What you should do: The answer must restate every entry exactly as it appears.

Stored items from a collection
○ ○ ○

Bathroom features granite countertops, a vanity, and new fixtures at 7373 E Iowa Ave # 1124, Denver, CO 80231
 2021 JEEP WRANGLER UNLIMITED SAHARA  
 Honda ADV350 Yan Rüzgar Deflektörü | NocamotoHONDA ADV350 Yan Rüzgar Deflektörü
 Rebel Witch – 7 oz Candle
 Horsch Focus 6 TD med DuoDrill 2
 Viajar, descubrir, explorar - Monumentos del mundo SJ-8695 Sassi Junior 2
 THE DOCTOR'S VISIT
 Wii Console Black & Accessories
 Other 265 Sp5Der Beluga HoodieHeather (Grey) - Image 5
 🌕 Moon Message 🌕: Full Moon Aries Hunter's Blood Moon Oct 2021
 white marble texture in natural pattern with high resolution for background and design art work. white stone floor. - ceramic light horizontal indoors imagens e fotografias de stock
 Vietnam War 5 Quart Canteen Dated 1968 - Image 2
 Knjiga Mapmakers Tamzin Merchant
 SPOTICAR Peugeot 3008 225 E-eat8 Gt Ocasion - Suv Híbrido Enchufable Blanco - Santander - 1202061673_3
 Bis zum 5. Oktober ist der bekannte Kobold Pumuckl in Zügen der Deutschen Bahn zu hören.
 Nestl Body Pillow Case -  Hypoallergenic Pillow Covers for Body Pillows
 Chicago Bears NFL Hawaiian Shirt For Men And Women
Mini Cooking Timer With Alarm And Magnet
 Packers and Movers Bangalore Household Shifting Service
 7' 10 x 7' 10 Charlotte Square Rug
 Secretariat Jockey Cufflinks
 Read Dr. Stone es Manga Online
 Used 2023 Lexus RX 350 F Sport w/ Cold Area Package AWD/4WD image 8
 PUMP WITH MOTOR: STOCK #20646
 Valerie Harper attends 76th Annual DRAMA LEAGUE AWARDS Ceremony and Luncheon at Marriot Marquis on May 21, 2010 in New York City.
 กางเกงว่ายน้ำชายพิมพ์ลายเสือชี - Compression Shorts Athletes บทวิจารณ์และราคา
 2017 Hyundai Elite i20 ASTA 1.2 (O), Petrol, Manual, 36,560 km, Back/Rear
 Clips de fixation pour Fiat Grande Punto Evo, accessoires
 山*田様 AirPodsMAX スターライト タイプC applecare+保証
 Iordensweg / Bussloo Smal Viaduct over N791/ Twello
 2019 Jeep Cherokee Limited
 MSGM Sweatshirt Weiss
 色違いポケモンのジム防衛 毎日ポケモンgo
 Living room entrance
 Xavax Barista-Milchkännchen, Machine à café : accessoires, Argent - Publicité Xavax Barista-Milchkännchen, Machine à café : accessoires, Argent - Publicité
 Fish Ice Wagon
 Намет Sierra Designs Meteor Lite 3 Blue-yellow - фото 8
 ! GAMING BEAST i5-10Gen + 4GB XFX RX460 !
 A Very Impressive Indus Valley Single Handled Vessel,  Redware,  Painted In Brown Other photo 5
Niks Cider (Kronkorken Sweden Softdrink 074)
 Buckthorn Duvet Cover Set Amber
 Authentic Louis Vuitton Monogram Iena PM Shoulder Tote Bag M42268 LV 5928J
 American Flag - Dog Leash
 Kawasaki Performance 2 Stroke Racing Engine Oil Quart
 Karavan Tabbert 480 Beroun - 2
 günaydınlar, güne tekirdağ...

○ ○ ○

Answer section:
Bathroom features granite countertops, a vanity, and new fixtures at 7373 E Iowa Ave # 1124, Denver, CO 80231
 2021 JEEP WRANGLER UNLIMITED SAHARA  
 Honda ADV350 Yan Rüzgar Deflektörü | NocamotoHONDA ADV350 Yan Rüzgar Deflektörü
 Rebel Witch – 7 oz Candle
 Horsch Focus 6 TD med DuoDrill 2
 Viajar, descubrir, explorar - Monumentos del mundo SJ-8695 Sassi Junior 2
 THE DOCTOR'S VISIT
 Wii Console Black & Accessories
 Other 265 Sp5Der Beluga HoodieHeather (Grey) - Image 5
 🌕 Moon Message 🌕: Full Moon Aries Hunter's Blood Moon Oct 2021
 white marble texture in natural pattern with high resolution for background and design art work. white stone floor. - ceramic light horizontal indoors imagens e fotografias de stock
 Vietnam War 5 Quart Canteen Dated 1968 - Image 2
 Knjiga Mapmakers Tamzin Merchant
 SPOTICAR Peugeot 3008 225 E-eat8 Gt Ocasion - Suv Híbrido Enchufable Blanco - Santander - 1202061673_3
 Bis zum 5. Oktober ist der bekannte Kobold Pumuckl in Zügen der Deutschen Bahn zu hören.
 Nestl Body Pillow Case -  Hypoallergenic Pillow Covers for Body Pillows
 Chicago Bears NFL Hawaiian Shirt For Men And Women
Mini Cooking Timer With Alarm And Magnet
 Packers and Movers Bangalore Household Shifting Service
 7' 10 x 7' 10 Charlotte Square Rug
 Secretariat Jockey Cufflinks
 Read Dr. Stone es Manga Online
 Used 2023 Lexus RX 350 F Sport w/ Cold Area Package AWD/4WD image 8
 PUMP WITH MOTOR: STOCK #20646
 Valerie Harper attends 76th Annual DRAMA LEAGUE AWARDS Ceremony and Luncheon at Marriot Marquis on May 21, 2010 in New York City.
 กางเกงว่ายน้ำชายพิมพ์ลายเสือชี - Compression Shorts Athletes บทวิจารณ์และราคา
 2017 Hyundai Elite i20 ASTA 1.2 (O), Petrol, Manual, 36,560 km, Back/Rear
 Clips de fixation pour Fiat Grande Punto Evo, accessoires
 山*田様 AirPodsMAX スターライト タイプC applecare+保証
 Iordensweg / Bussloo Smal Viaduct over N791/ Twello
 2019 Jeep Cherokee Limited
 MSGM Sweatshirt Weiss
 色違いポケモンのジム防衛 毎日ポケモンgo
 Living room entrance
 Xavax Barista-Milchkännchen, Machine à café : accessoires, Argent - Publicité Xavax Barista-Milchkännchen, Machine à café : accessoires, Argent - Publicité
 Fish Ice Wagon
 Намет Sierra Designs Meteor Lite 3 Blue-yellow - фото 8
 ! GAMING BEAST i5-10Gen + 4GB XFX RX460 !
 A Very Impressive Indus Valley Single Handled Vessel,  Redware,  Painted In Brown Other photo 5
Niks Cider (Kronkorken Sweden Softdrink 074)
 Buckthorn Duvet Cover Set Amber
 Authentic Louis Vuitton Monogram Iena PM Shoulder Tote Bag M42268 LV 5928J
 American Flag - Dog Leash
 Kawasaki Performance 2 Stroke Racing Engine Oil Quart
 Karavan Tabbert 480 Beroun - 2
 günaydınlar, güne tekirdağ...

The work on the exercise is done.